足心のツボ:足裏中央のくぼみ、土踏まずの真ん中にあります。全身の疲れやだるさ、足のむくみに効くといわれています。
失眠のツボ:かかとの真ん中。踵骨にぶつかるので親指が痛くないように、軽く一回押し、そのまわりを押します。不眠やイライラに効くといわれています。
(6)足の裏たたき
片手でこぶしをつくります。こぶしの側面で使って、手首の力を抜いてトントントンと軽くたたきます。さらに、指の付け根を片方の手でそらせてしっかりたたきます。
(7)足背~膝上までさすり上げる
(8)ふくらはぎのツボを刺激する
息を吐きながら、両親指を重ねてツボに置き、息を吐きながら5秒間押し、息を吸いながら6秒間かけて指を離し、圧を抜いていきます。指に気持ちを集中して行いましょう。
承筋のツボ…ふくらはぎの一番盛り上がっているあたりにあります。膝痛・腰痛・背中の痛みに効果があるといわれています。

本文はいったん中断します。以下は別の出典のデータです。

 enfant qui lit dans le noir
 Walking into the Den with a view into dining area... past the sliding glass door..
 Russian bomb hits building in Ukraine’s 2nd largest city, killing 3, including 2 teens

承山のツボ…ふくらはぎの真ん中で、ひ腹筋が人の字に分かれているくぼみの中央にあります。こむらがえり(ひ腹筋のけいれん)や腰痛、坐骨神経痛に効果があるといわれています。
(9)仰向けになって手足を振る
仰向けになって、両手両足を天井の方向に挙げ、手足の関節の力を抜き、息を吐きながら小刻みに振ります。20~60秒間振った後、両手両足を静止し、手足末端から血流が体感に向かって流れていくようなイメージを味わいます(10秒間以上)。両手両足を下げ、全身の力を抜き、心地よいと感じる姿勢になります。
(10)足裏や足全体の感覚を味わう。
足裏ほぐし体操の後、どんな感じがするのか、目を閉じて,自分のからだの感覚に意識を向けてください。ぽかぽかしたり、軽くなった感じが得られるでしょう。